文章 Articles

The real cost of cheap oil

BP’s rig disaster in the Gulf of Mexico is only unusual for being so near the United States, writes John Vidal. In other locations, Big Oil is rarely pressed to clean up its mess.

Article image

Big Oil is holding its breath. BP’s shares are in steep decline after the debacle in the Gulf of Mexico. President Barack Obama, the American people and the global environmental community are outraged, and now the company stands to lose the rights to drill for oil in the Arctic and other ecologically sensitive places.

The gulf disaster may cost it a few billion US dollars, but so what? When annual profits for a company often run to tens of billions, the cost of laying 5,000 miles (8,000 kilometres) of booms, or spraying millions of gallons (litres) of dispersants and settling 100,000 court cases is not much more than missing a few months’ production. It’s awkward, but it can easily be passed on.

The oil industry’s image is seriously damaged, but it can pay handsomely to greenwash itself, just as it managed after Exxon Valdez, Brent Spar and the Ken Saro-Wiwa public relations disasters. In a few years’ time, this episode will probably be forgotten – just another blip in the fortunes of the industry that fuels the world. But the oil companies are nervous now because the spotlight has been turned on their cavalier attitude to pollution and on the sheer incompetence of an industry that is used to calling the shots.

Big Oil’s real horror was not the spillage, which was common enough, but because it happened so close to the United States. Millions of barrels of oil are spilled, jettisoned or wasted every year without much attention being paid.

If this accident had occurred in a developing country, say off the west coast of Africa or Indonesia, BP probably could have avoided all publicity and escaped starting a clean-up for many months. It would not have had to employ booms or dispersants, and it could have ignored the health effects on people and the damage done to fishing. It might have been taken to court eventually and could have been fined a few million dollars, but it probably would have appealed and delayed a court decision for a decade or more.

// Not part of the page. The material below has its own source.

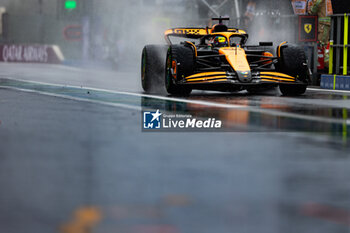 2024-07-27 - 81 PIASTRI Oscar (aus), McLaren F1 Team MCL38, action during the Formula 1 Rolex Belgian Grand Prix 2024, 14th round of the 2024 Formula One World Championship from July 26 to 28, 2024 on the Circuit de Spa-Francorchamps, in Stavelot, Belgium - F1 - BELGIAN GRAND PRIX 2024 - FORMULA 1 - MOTORS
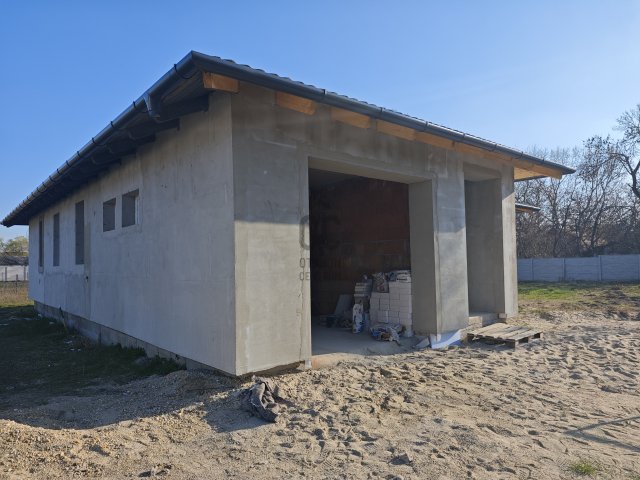 Eladó családi ház, Ráckevén 89.9 M Ft, 5 szobás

Big Oil is usually a poor country’s most powerful industry, and is generally allowed to act like a parallel government. In many countries it simply pays off the judges, the community leaders, the lawmakers and the ministers, and it expects environmentalists and local people to be powerless. Mostly it gets away with it.

What the industry dreads more than anything else is being made fully accountable to developing countries for the mess it has made and the oil it has spilled in the forests, creeks, seas and deserts of the world.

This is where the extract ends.